# Input for this task:
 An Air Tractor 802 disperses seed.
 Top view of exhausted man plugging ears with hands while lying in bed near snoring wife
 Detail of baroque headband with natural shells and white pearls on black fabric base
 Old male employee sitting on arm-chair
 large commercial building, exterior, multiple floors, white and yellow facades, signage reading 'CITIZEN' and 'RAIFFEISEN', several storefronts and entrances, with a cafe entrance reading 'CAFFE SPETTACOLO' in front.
--
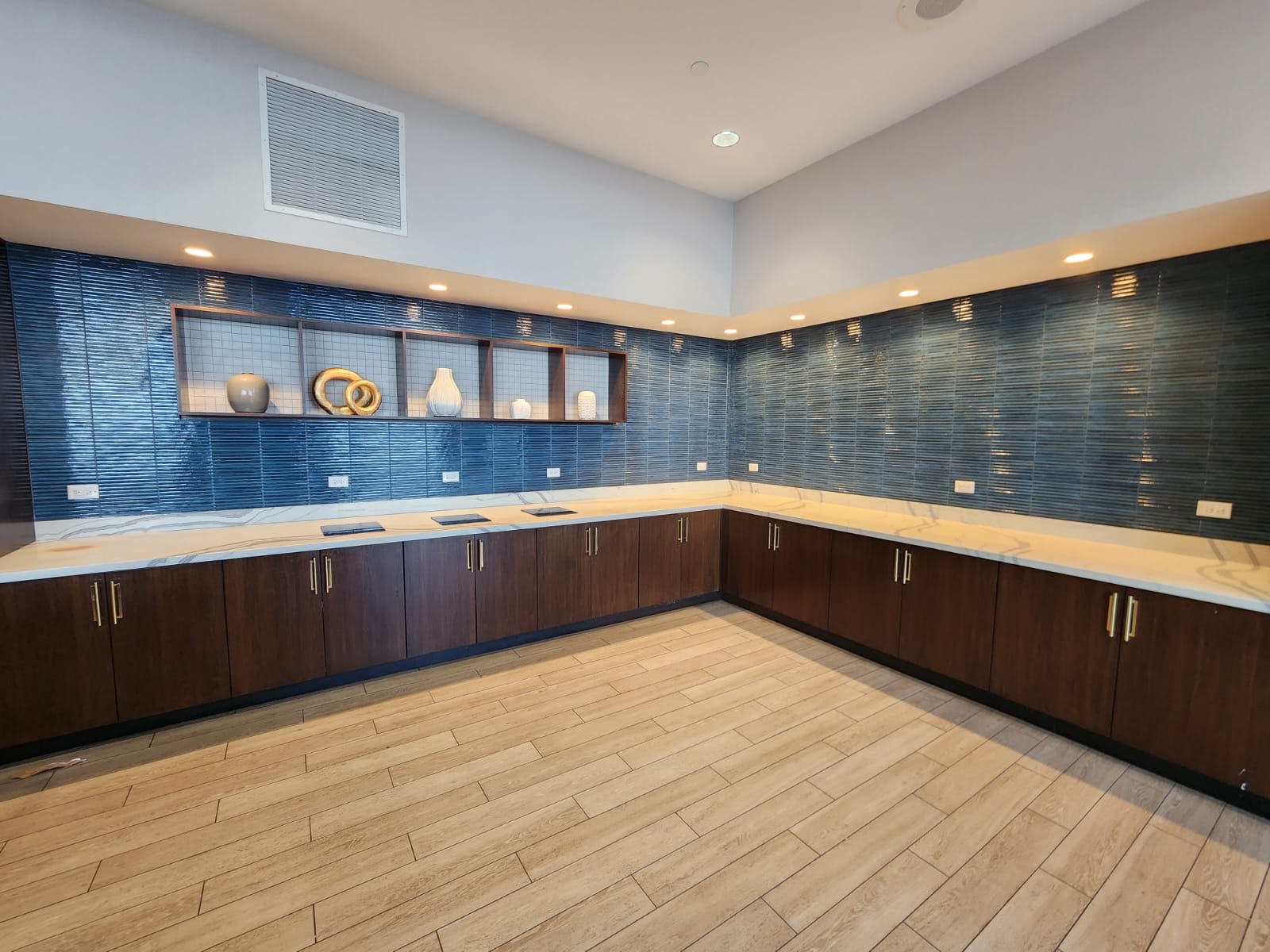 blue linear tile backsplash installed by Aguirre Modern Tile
==
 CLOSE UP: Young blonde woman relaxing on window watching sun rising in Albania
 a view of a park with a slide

# Problem requirements:
In the records above, find the line with "Old male employee sitting on arm-chair"; write out exactly that line and each one after it, stopping after the line with "large commercial building, exterior, multiple".

# Answer section:
 Old male employee sitting on arm-chair
 large commercial building, exterior, multiple floors, white and yellow facades, signage reading 'CITIZEN' and 'RAIFFEISEN', several storefronts and entrances, with a cafe entrance reading 'CAFFE SPETTACOLO' in front.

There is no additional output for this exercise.